This may sound odd ( not that I haven't done that before lol ) but I watched a movie last night called " Little Ashes " about Dali, and Lorca.  I can imagine this poem as a Dali painting in bright vivid colors to go with the striking images. 



> gleaming instruments
> angled for incision


----------



## J.R. MacLean (May 31, 2010)

Svir: Thanks for the read and comment. "Silly" is a very apt descriptive here.

Lisa: Thanks and congrats on your musical family. I try to sit down once a year or so and listen to Beethoven's Ninth. It is sooo magnificent. My kids love music but none of us are really players. It must be great to have music in your house all the time.

Maggie: Yes! The scene would lend itself to painting, and might be more telling than a poem. It would particularly be fun to see the expression on the faces of the men and the old woman.
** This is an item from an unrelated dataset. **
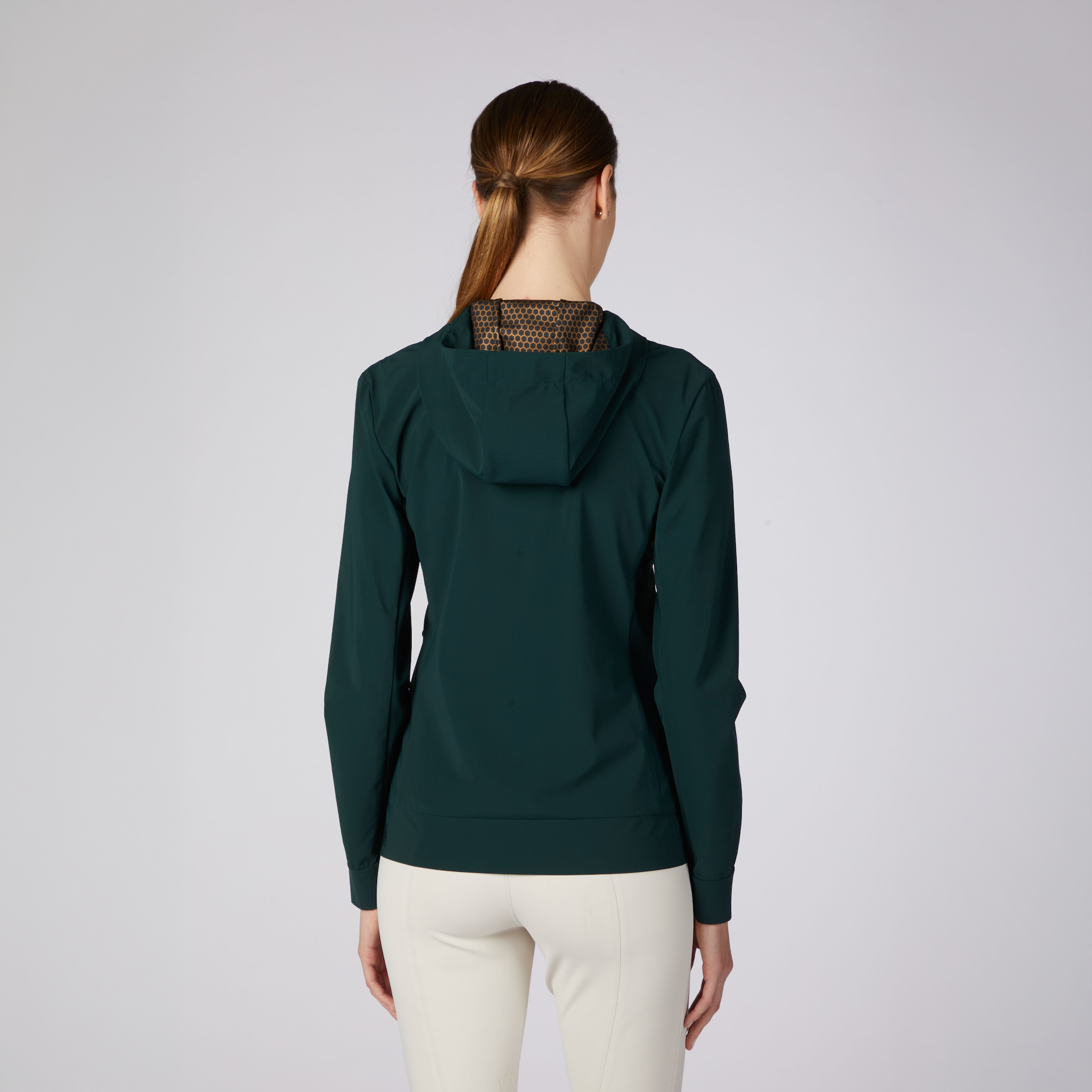 Vestrum Ladies Sintra softshell jacket in dark color, casual style with zipper and fitted design, suitable for outdoor wear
The cat's countenance would be of the utmost serenity...


----------



## Pete_C (Jun 1, 2010)

First off, the originality is what really shines here, and it does, on first reading, make up for any shortcomings of the poem. It is surreal enough to be both acceptable and nonsensical; the use of the latter can be taken to mean beyond sense rather than without sense. It doesn't push the boundary too far, because it doesn't try to explain, or to be fantastical for the sake of being fantastical.

The voice, in as much as how the story unfolds, is good, and suits the mood very well. You have written it with minimal punctuation, and for me that could be a slight stumbling block for some readers, as the construction is different. This has excellent flow, but only if you follow it well. Maybe by allowing punctuation to take a role, you might make it instantly accessible to some who otherwise may struggle to get the flow. Because the impact of the originality is much of the attraction of the piece, a second reading doesn't have that initial surprise.
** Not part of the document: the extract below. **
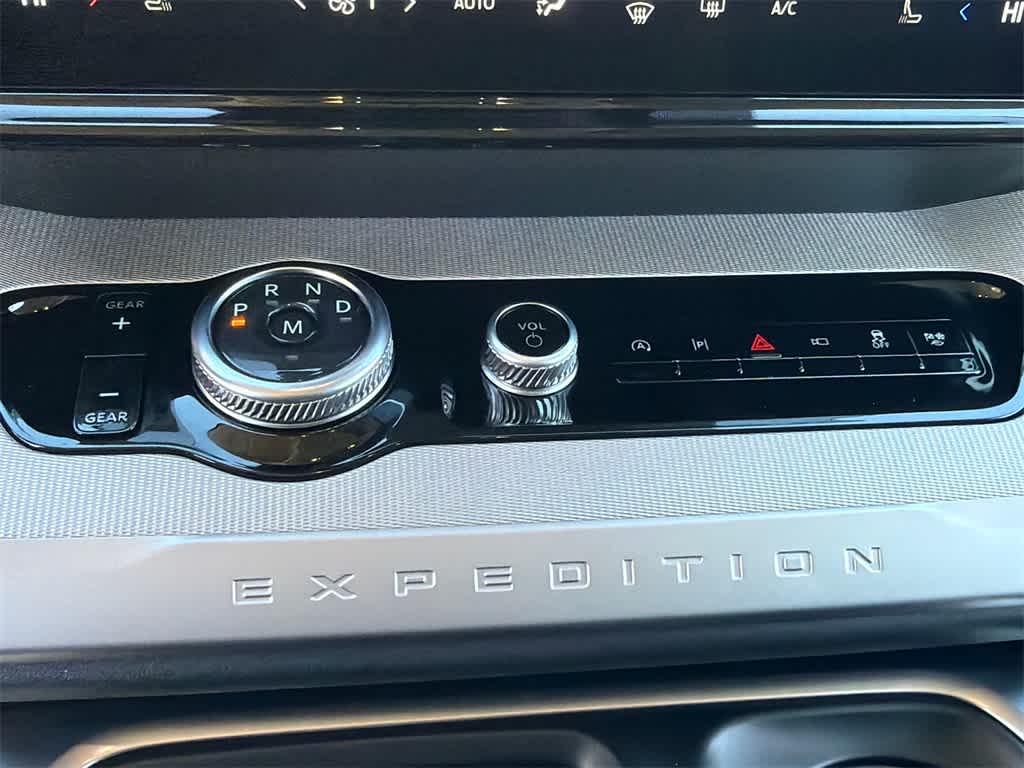 Thumbnail: 2026 Ford Expedition MAX - 32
Also, I must admit that I felt let down by "Pussy's pussy". Given the strong imagery and the well considered tale, I think you could have come up with something a little more strong. It's not the coarseness that offends me, more that it's a "simple" solution in a poem that calls for so much better!

That said, I do like this a lot.


----------



## J.R. MacLean (Jun 5, 2010)

Thanks Pete. Your appreciation is appreciated. I like the way you keep the reader's experience in mind throughout. I'm afraid I'm stuck with pussy's pussy unless something better is suggested or suggests itself. I think it suits and even highlights the overall tone of the poem.


----------